Posted by Chris Johnson on March 31st, 2014My 62-year-old uncle said something interesting while discussing the picks he made in his bracket a couple of days after Selection Sunday. He said he considered picking #2 Kansas to lose its Second Round game against #15 Eastern Kentucky. Still, like all but a minuscule fraction of the bracket-filling populace, I picked Kansas. Then I told my uncle that he was crazy, that I had the Jayhawks advancing to the Elite Eight, and asked why he would consider picking the Colonels to upend a team with the likely 2014 No. 1 NBA draft pick in its starting lineup. “I don’t buy Kansas,” he said. I didn’t pay much mind to his comment. Kansas was going to beat EKU anyway, I thought. Then, after the Jayhawks fell last weekend in the round of 32 to #10 Stanford, my uncle called me. The first thing he said was, “I warned you about Kansas.” That he did. His lack of confidence in Kansas is not a product of what he had seen this season from the Jayhawks. It’s a feeling that he has developed over the past 10 years of NCAA Tournaments.

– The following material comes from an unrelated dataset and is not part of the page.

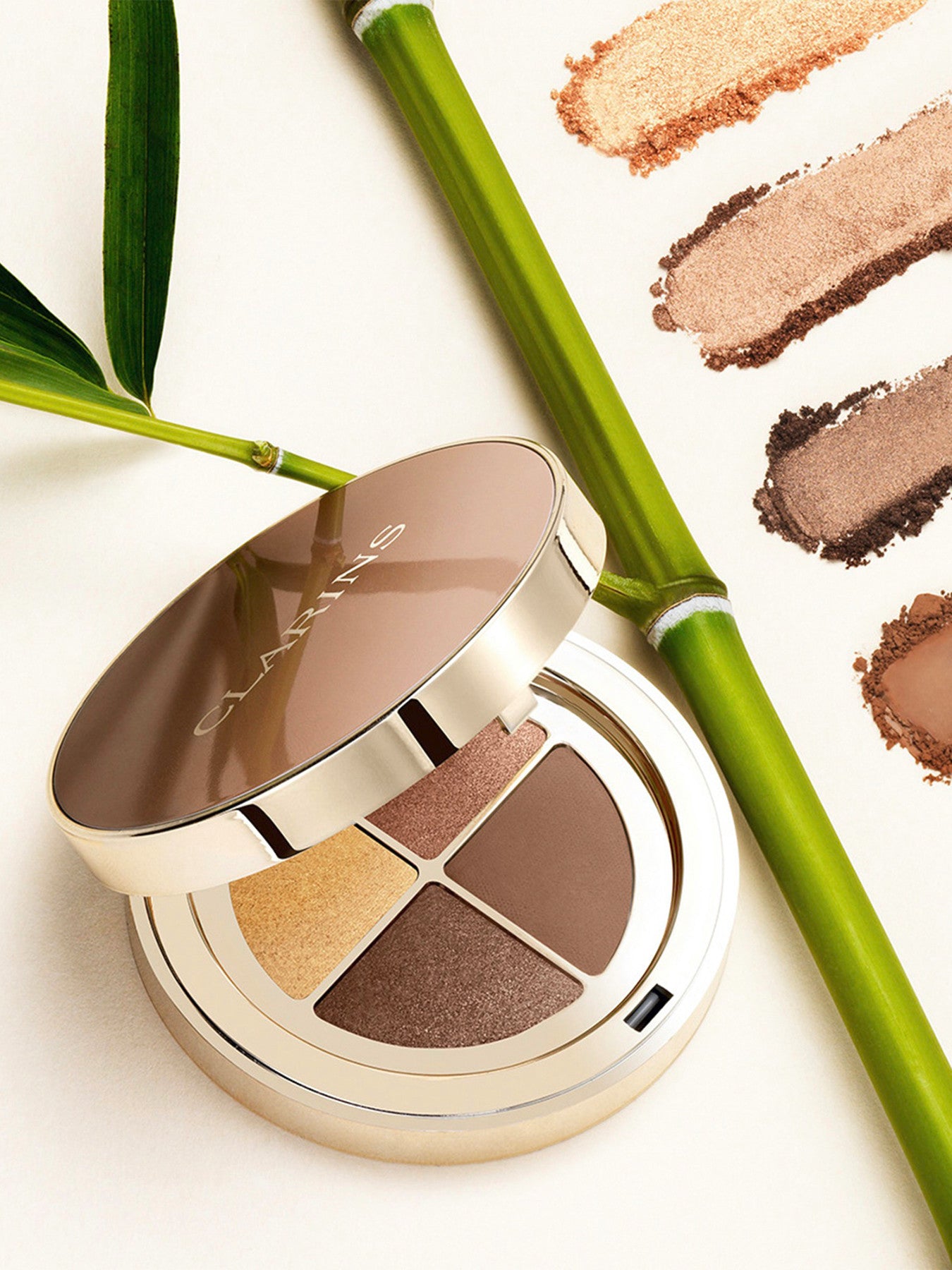 Clarins quatuor palette
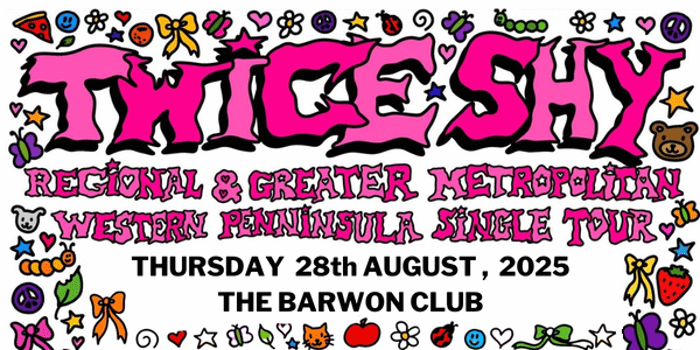 Twice Shy : Thursday Night - Debut Single Launch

Bill Self was introduced as the head coach at Kansas in April 2003, less than a month removed from his predecessor, Roy Williams, guiding the Jayhawks to the national championship game (a loss to Syracuse). The former Illinois boss came right in and guided Kansas to an Elite Eight appearance in his first season in charge. But since 2005, Kansas has seen five of its 10 Tourney runs end at the hands of a team seeded at least eight spots lower.
- In ’05, #3 Kansas fell to #14 Bucknell in the round of 64.
- In ’06, #4 Kansas was clipped by #13 Bradley in the round of 64.
- In ’10, #1 Kansas advanced past the opening round, but lost to #9 Northern Iowa (thanks, in large part, to a shot and a last name college hoops fans will never forget).
- In ’11, #1 Kansas was undone by #11 VCU in the Elite Eight.
- And the latest upset — #2 Kansas losing to #10 Stanford – came a week ago Sunday. Read the rest of this entry »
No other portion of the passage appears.